Jesus was many things. One of those things was an apocalyptic prophet. He prophesied about the end of many things, including the end of the world (as we know it). So, a question naturally arises: where is he? And how long do we wait before calling his “delay” a “failure”?

This is a question that disturbs Christians and exasperates skeptics. Christians—and the rest of the world in one way or another—cry out with the Psalmist, “How long, O Lord?” Skeptics are exasperated by the Christian’s stubbornness. Of course Jesus is a failed apocalyptic prophet, they say. How else do you explain his absence?

So, was Jesus a failed apocalyptic prophet? It is a great question. And this surface level look at the facts certainly seems to suggest that he was. Every other prophet who has prophesied the end of the world has been wrong, and so the odds are certainly against Jesus. But let’s check the sources before we jump to any conclusions.

Who is Making This Claim & Why

Several scholars have tried to understand what and who Jesus was for over a century. The history of this debate is fascinating but outside of our scope here. Several of those scholars concluded that Jesus was an apocalyptic prophet. Others said Jesus wasn’t apocalyptic at all. But some made the logical jump: if Jesus was an apocalyptic prophet, then he must have been a failed prophet because he did not return when he said he would.

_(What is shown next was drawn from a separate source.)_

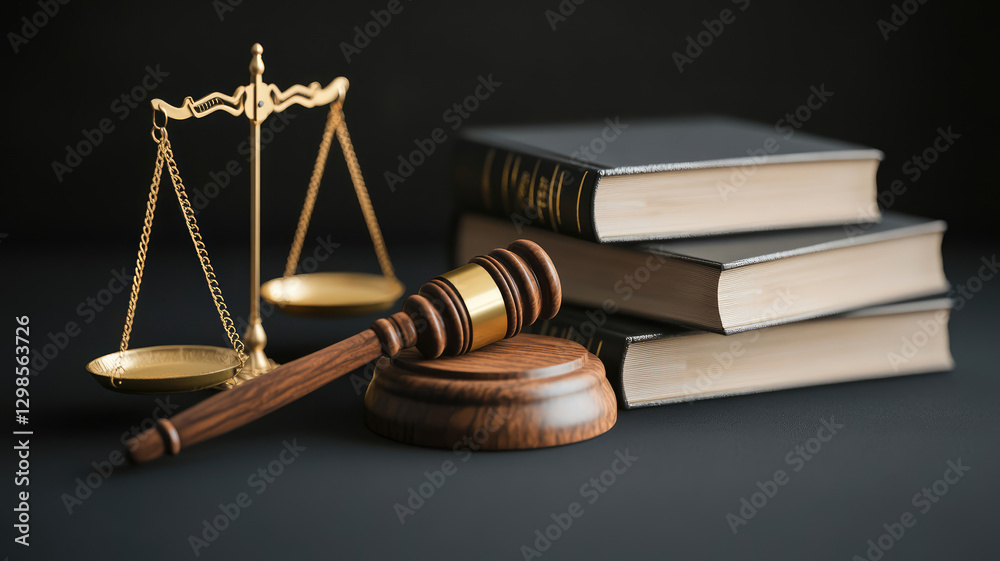 Judge gavel, law scales and books on black background. Law concept of Judiciary, Jurisprudence and Justice. Copy space. Judge gavel, law scales and books on black background. Law concept of Judiciary, Jurisprudence and Justice. Copy space.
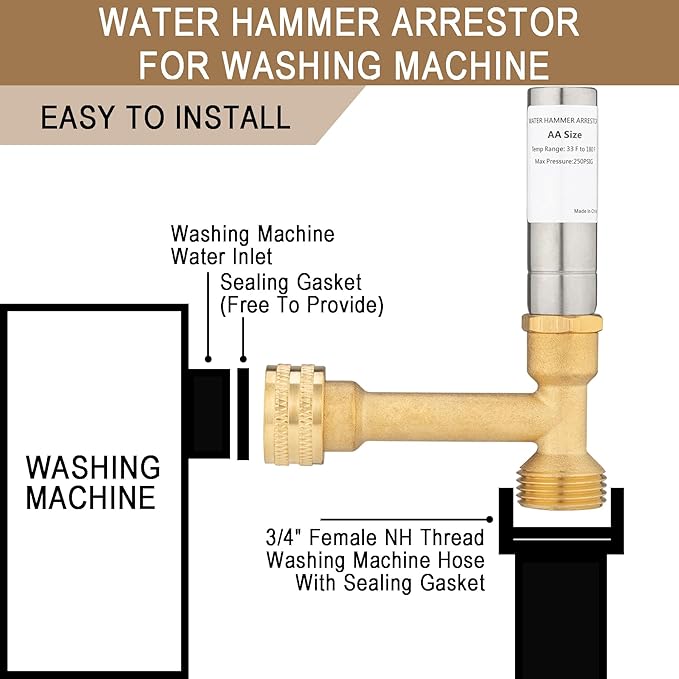 [4 Pieces] Lingmfg Water Hammer Arrestor For Washing Machine, 3/4 Inch Thread Brass LING-WMWHA-SS-O-4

Our main focus here will be on one particular modern scholar, however. Most people today are aware of the claim that Jesus was a failed apocalyptic prophet due to the work of Dr. Bart Ehrman, a New Testament scholar at the University of North Carolina, Chapel Hill.  

In Bart Ehrman’s How Jesus Became God (HarperOne, 2015), Ehrman attempts to make the case that Jesus was not considered God in the earliest generations of Christianity. One of his pieces of evidence is how the earliest Gospels accounts show Jesus prophesying the end of the world and his return.

The main texts Dr. Ehrman cites in his case are Mark 9:1 and 13:30 (which are paralleled in Matthew 16:28, 24:1-51; Luke 9:27, 21:5-36). Jesus told his followers in Mark 9:1 that “some of you standing here will not taste death before you see that the kingdom of God has come in power.” Jesus also said during the Olivet Discourse that “this generation will not pass away before all these [apocalyptic] things take place” (Mark 13:30). Ehrman adds, “[Jesus] thought the apocalyptic end would arrive very soon, before all disciples had died” (102).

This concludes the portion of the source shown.